(GIVEN RECORDS)
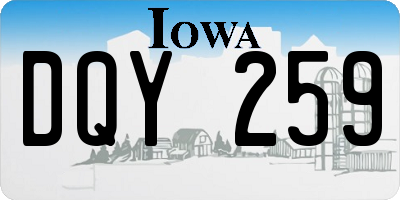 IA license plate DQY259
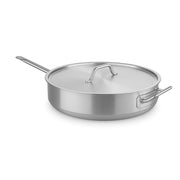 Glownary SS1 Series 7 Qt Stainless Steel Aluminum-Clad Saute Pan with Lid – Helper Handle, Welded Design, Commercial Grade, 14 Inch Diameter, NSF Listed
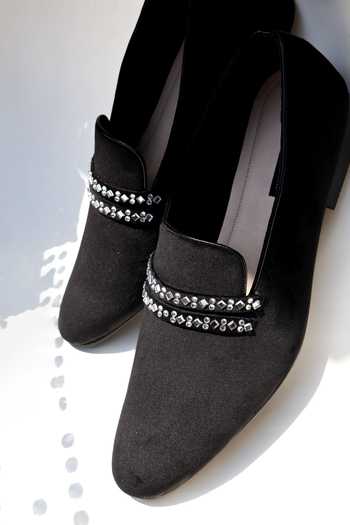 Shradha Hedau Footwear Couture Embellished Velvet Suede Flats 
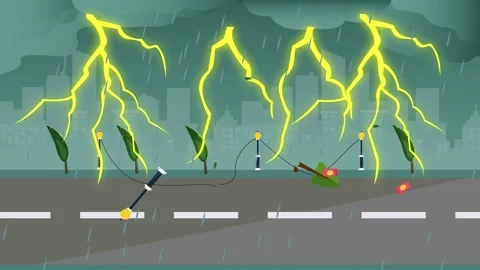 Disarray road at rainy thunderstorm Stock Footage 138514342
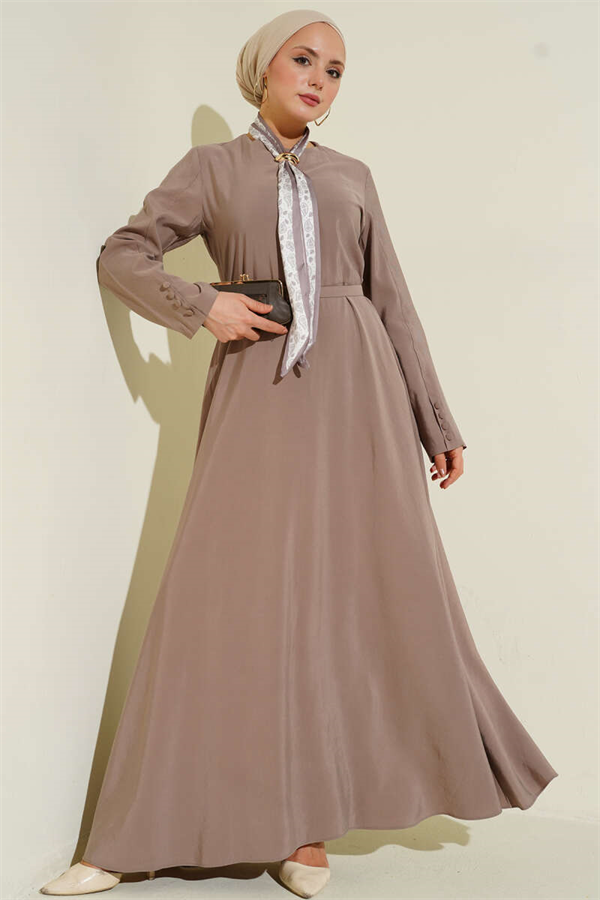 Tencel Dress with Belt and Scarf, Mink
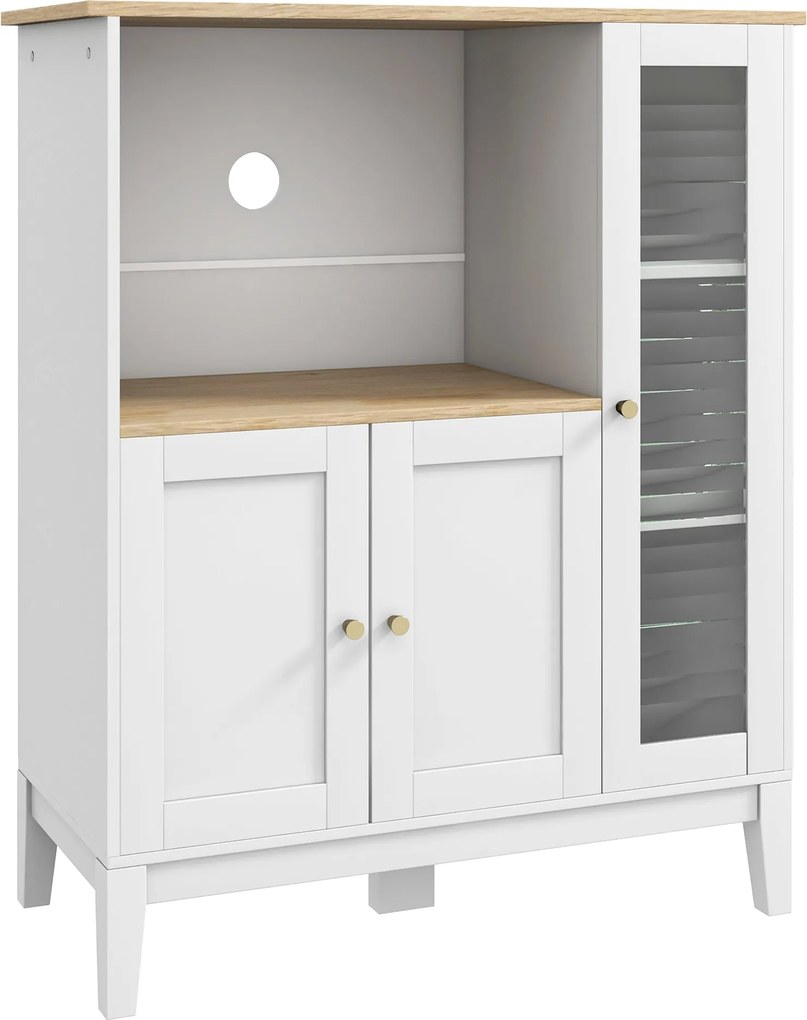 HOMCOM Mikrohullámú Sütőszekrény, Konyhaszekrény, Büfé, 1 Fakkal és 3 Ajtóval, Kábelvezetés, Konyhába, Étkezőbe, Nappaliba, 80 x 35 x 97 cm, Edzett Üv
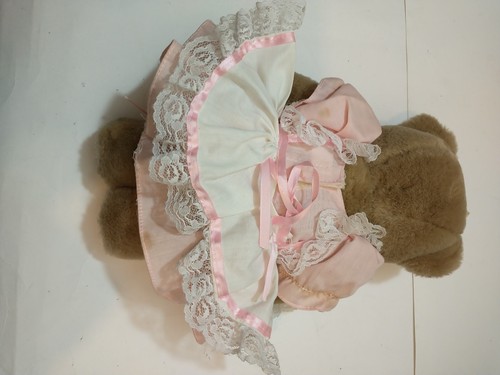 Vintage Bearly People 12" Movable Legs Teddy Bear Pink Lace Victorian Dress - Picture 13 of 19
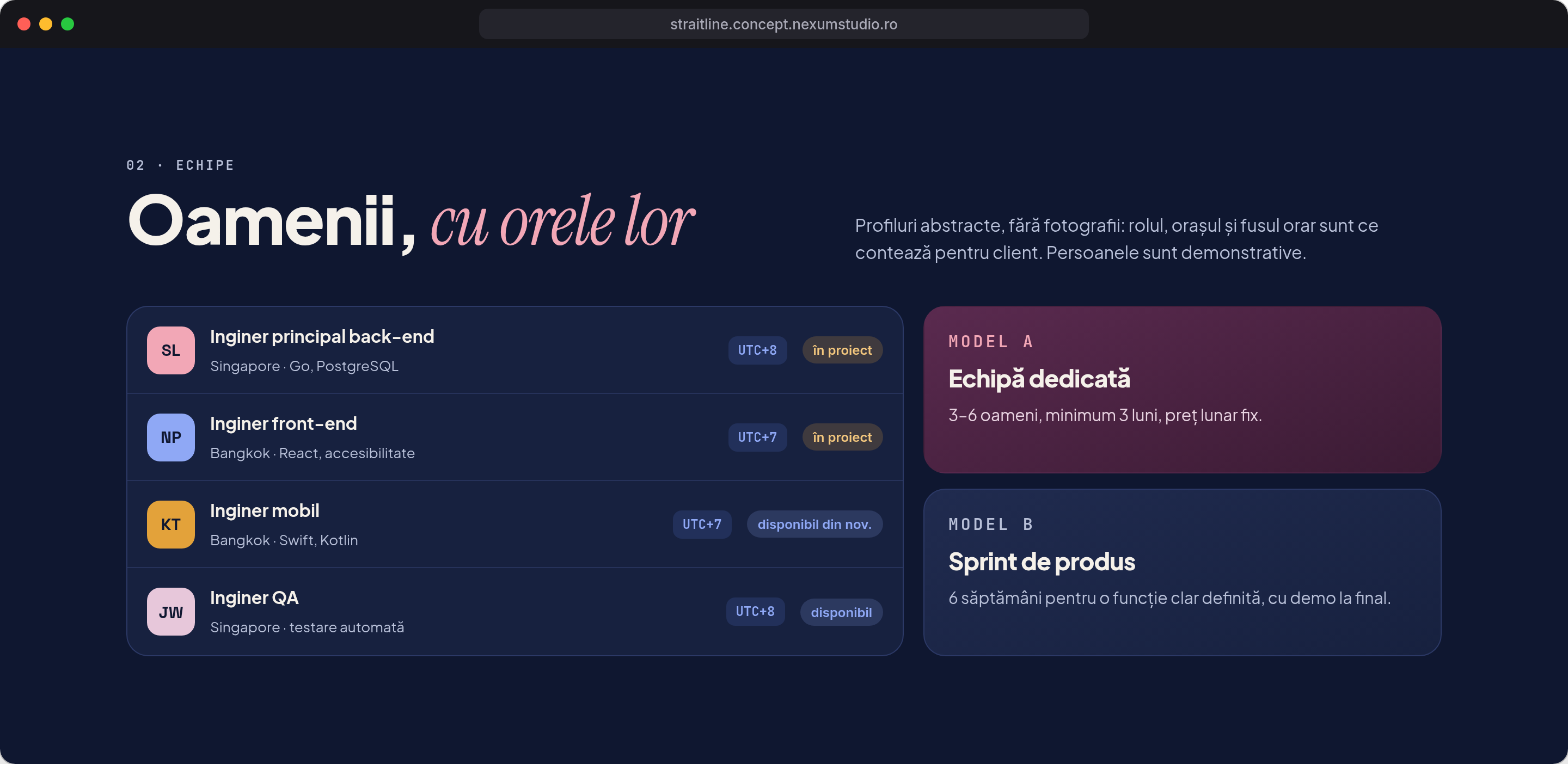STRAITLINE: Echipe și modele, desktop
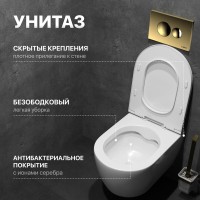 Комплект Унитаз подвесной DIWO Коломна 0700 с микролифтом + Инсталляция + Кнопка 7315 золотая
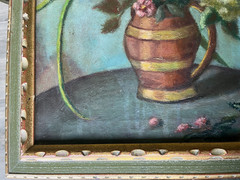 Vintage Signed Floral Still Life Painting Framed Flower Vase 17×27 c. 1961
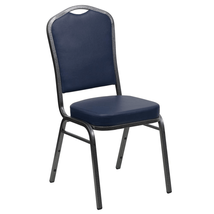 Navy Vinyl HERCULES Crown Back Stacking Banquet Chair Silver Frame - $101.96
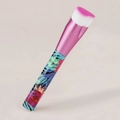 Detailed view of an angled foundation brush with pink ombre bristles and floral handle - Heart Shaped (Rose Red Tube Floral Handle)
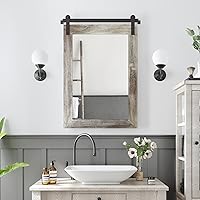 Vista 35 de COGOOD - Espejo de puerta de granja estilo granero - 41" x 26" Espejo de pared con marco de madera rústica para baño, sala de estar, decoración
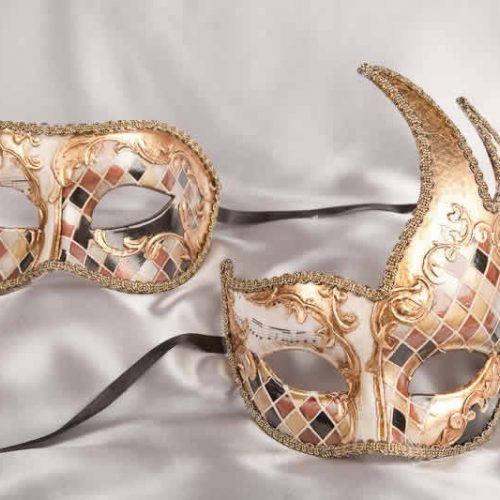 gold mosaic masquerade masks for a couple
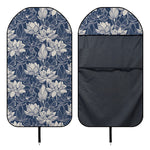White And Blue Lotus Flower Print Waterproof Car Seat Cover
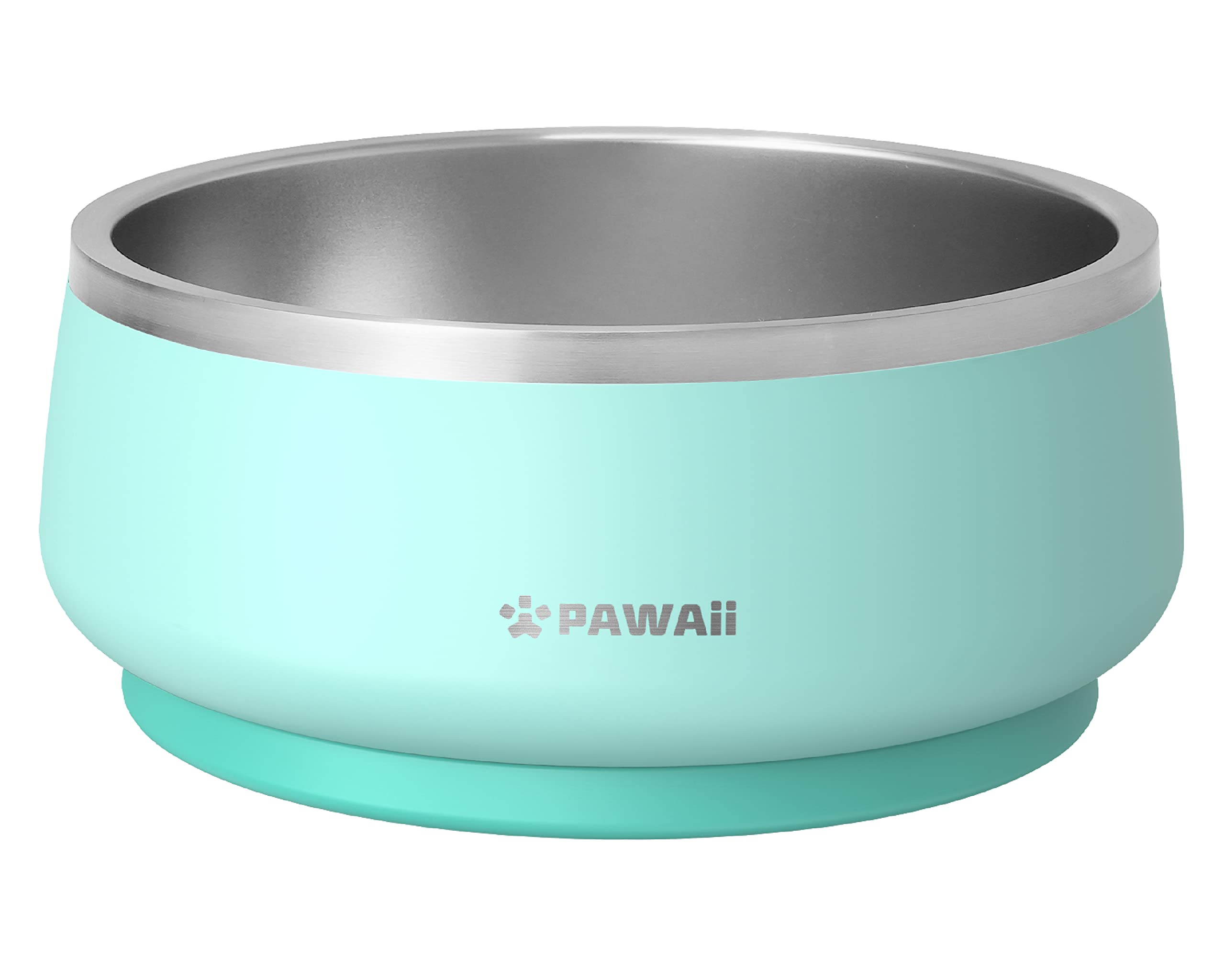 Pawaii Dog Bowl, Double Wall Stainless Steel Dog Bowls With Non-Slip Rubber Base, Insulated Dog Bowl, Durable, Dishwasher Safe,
(End GIVEN RECORDS)
Through to the final line, copy the material above exactly and skip the images.

§ **EXERCISE RESPONSE**:
 IA license plate DQY259
 Glownary SS1 Series 7 Qt Stainless Steel Aluminum-Clad Saute Pan with Lid – Helper Handle, Welded Design, Commercial Grade, 14 Inch Diameter, NSF Listed
 Shradha Hedau Footwear Couture Embellished Velvet Suede Flats 
 Disarray road at rainy thunderstorm Stock Footage 138514342
 Tencel Dress with Belt and Scarf, Mink
 HOMCOM Mikrohullámú Sütőszekrény, Konyhaszekrény, Büfé, 1 Fakkal és 3 Ajtóval, Kábelvezetés, Konyhába, Étkezőbe, Nappaliba, 80 x 35 x 97 cm, Edzett Üv
 Vintage Bearly People 12" Movable Legs Teddy Bear Pink Lace Victorian Dress - Picture 13 of 19
STRAITLINE: Echipe și modele, desktop
 Комплект Унитаз подвесной DIWO Коломна 0700 с микролифтом + Инсталляция + Кнопка 7315 золотая
 Vintage Signed Floral Still Life Painting Framed Flower Vase 17×27 c. 1961
 Navy Vinyl HERCULES Crown Back Stacking Banquet Chair Silver Frame - $101.96
 Detailed view of an angled foundation brush with pink ombre bristles and floral handle - Heart Shaped (Rose Red Tube Floral Handle)
 Vista 35 de COGOOD - Espejo de puerta de granja estilo granero - 41" x 26" Espejo de pared con marco de madera rústica para baño, sala de estar, decoración
 gold mosaic masquerade masks for a couple
White And Blue Lotus Flower Print Waterproof Car Seat Cover
 Pawaii Dog Bowl, Double Wall Stainless Steel Dog Bowls With Non-Slip Rubber Base, Insulated Dog Bowl, Durable, Dishwasher Safe,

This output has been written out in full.